# [PROBLEM TO WORK ON]
Every line of the entries below from the one containing "Casa Isa 아파트" to the one containing "St. Martins Therme & Lodge", both ends included, must be written out exactly. No other line belongs in the answer.

....

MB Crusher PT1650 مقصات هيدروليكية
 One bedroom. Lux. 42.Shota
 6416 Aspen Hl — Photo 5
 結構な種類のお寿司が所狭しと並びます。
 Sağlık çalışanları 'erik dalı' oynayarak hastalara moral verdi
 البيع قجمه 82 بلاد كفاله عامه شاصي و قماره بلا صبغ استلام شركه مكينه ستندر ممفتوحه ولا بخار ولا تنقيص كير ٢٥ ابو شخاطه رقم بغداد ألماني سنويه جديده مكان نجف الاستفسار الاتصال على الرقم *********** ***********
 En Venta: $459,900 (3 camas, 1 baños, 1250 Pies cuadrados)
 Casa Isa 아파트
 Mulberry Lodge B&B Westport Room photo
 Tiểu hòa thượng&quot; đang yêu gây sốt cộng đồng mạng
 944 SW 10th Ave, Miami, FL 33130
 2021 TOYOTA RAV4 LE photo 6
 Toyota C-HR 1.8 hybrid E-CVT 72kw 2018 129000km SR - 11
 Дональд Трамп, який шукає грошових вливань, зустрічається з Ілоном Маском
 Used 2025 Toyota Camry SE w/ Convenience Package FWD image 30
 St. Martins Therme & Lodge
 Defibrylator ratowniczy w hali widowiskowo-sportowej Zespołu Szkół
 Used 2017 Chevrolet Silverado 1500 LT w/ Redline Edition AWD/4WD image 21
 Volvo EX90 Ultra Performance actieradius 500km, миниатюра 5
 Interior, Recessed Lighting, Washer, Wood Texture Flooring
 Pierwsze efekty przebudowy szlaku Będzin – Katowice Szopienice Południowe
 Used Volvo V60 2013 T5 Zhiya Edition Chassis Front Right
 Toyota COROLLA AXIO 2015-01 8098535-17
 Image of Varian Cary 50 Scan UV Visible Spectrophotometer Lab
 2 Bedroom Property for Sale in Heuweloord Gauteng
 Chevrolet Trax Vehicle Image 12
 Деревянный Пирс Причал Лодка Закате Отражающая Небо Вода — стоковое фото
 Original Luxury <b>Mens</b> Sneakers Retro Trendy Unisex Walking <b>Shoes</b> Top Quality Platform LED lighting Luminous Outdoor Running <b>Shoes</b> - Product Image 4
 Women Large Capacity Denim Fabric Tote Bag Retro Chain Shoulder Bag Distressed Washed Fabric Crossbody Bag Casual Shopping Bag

....

# [RESULT]
 Casa Isa 아파트
 Mulberry Lodge B&B Westport Room photo
 Tiểu hòa thượng&quot; đang yêu gây sốt cộng đồng mạng
 944 SW 10th Ave, Miami, FL 33130
 2021 TOYOTA RAV4 LE photo 6
 Toyota C-HR 1.8 hybrid E-CVT 72kw 2018 129000km SR - 11
 Дональд Трамп, який шукає грошових вливань, зустрічається з Ілоном Маском
 Used 2025 Toyota Camry SE w/ Convenience Package FWD image 30
 St. Martins Therme & Lodge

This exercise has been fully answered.